Riverton Yacht Club celebrates its 150th Anniversary season
by Renee Janowicz 26 Apr 2015 10:16 BST
26 April 2015
Events and honours mark the club's broad contributions to sailing
Riverton Yacht Club celebrates its 150th anniversary all season long with special events and honours befitting the oldest club of its kind on the Delaware River, oldest in New Jersey, and one of the oldest in the United States with continuous service. It will be a celebration of this club's long history as a fixture in its community, an institution along the Eastern seaboard, and a contributor to the global sailing community.
Riverton Yacht Club engages more than members, with an open invitation for the public to enjoy the sights and sounds from the club's pier during races. All season long the club's unique swallowtail burgee flies from the mast. That symbol includes a stars-and-stripes design that reportedly was outlawed soon after RYC was formed, making it one of a kind among United States organizations. Before it pulls up docks and packs up equipment in late fall, RYC will be honoured by the Historical Society of Riverton and the Riverton Fourth of July Committee.

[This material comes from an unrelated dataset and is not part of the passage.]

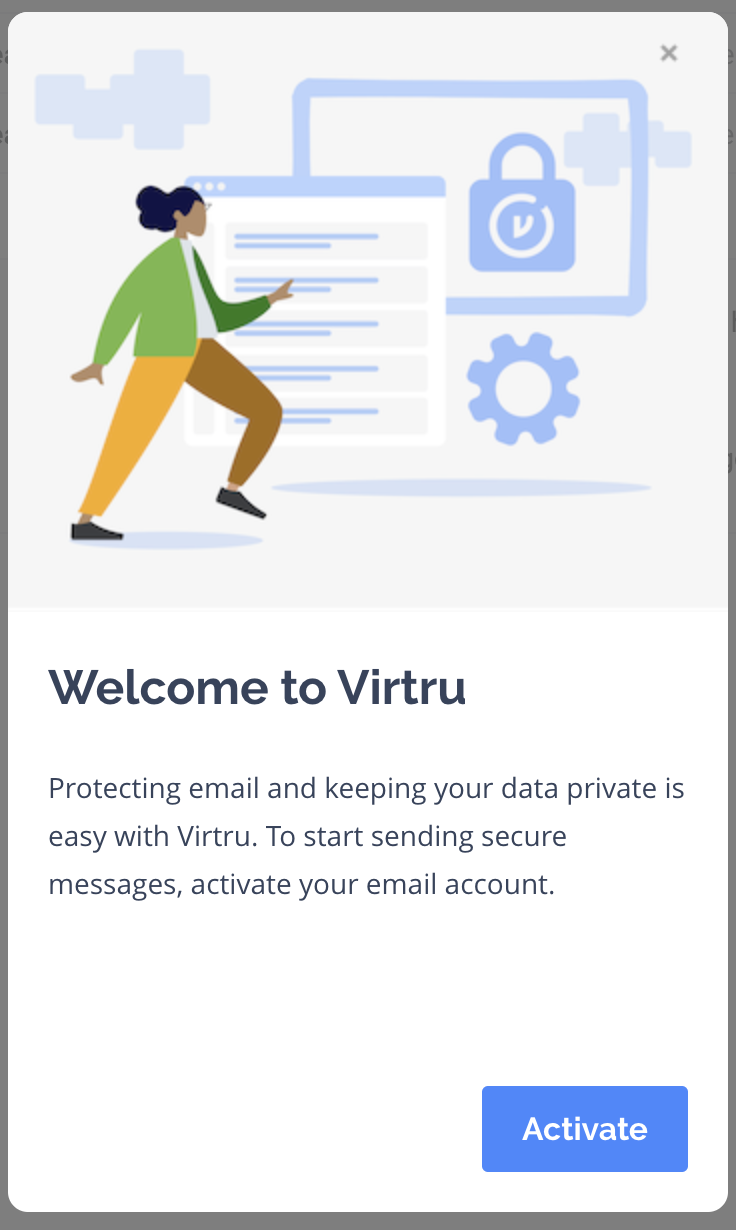 Virtru for Gmail activation modal with Activate button
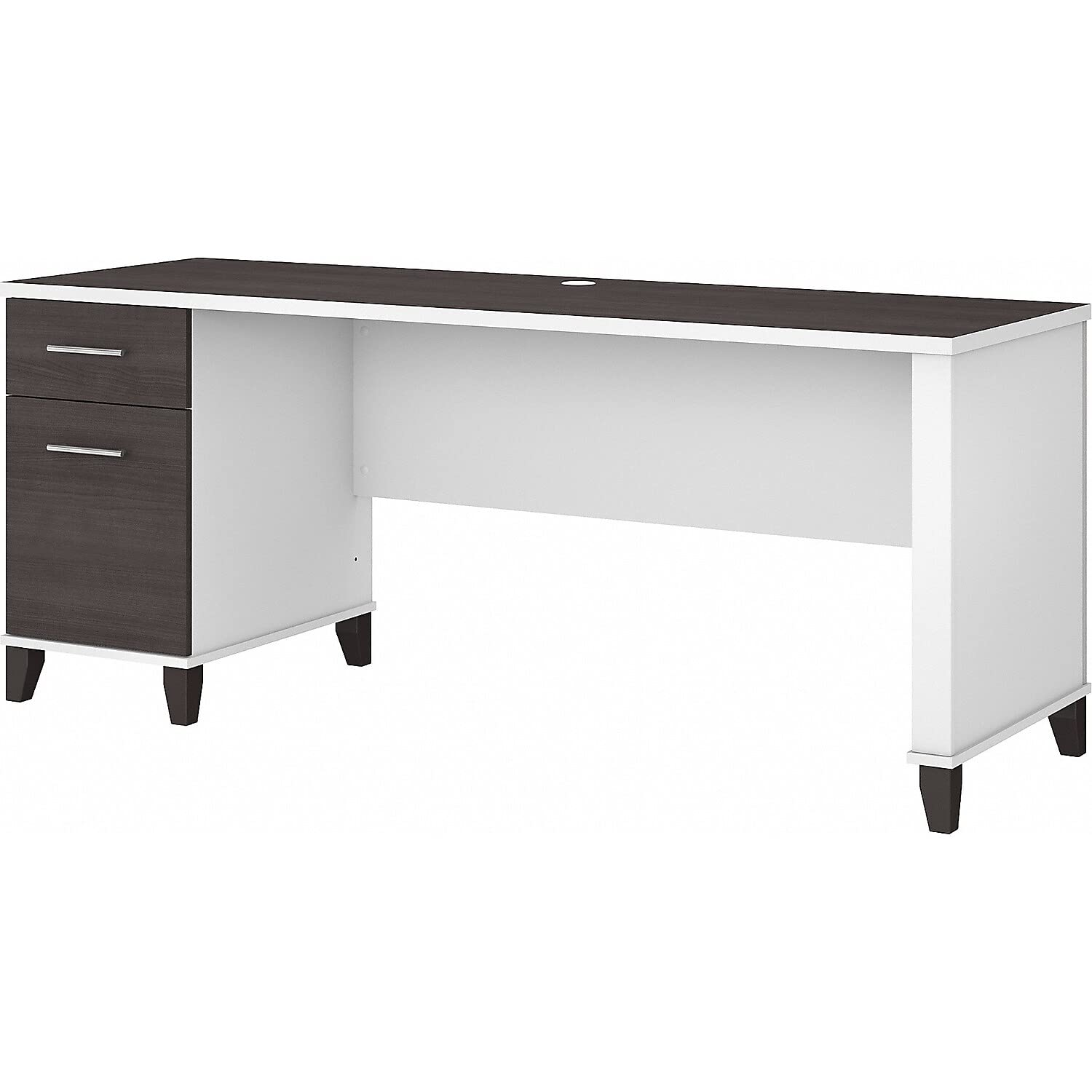 Bush Furniture Somerset 72W Office Desk with Drawers in White and Storm Gray- BOTH BOXES COMPLETE SET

"This yacht club is more than a collection of sailing enthusiasts who maintain a quaint looking building and very serviceable pier for their own purposes," said Nick Mortgu, chairman of 150th Anniversary events. "We want to show members and non-members why Riverton Yacht Club holds a place in sailing history."
In the late 1800s, the club's pier was a transportation lynchpin and recreation hotspot that played a pivotal role in the establishment and development of the Borough of Riverton. Its remains a beloved landmark in the area where prom photos, marriage proposals and family portraits are staged year after year. Riverton Yacht Club started the town's immensely popular Fourth of July Children's Parade that will roll for its 118th time this summer, attracting an estimated 10,000 revelers to a town that is home to only 3,000 people. This year, all living past commodores are invited to lead the parade as the club is honoured as Grand Marshal.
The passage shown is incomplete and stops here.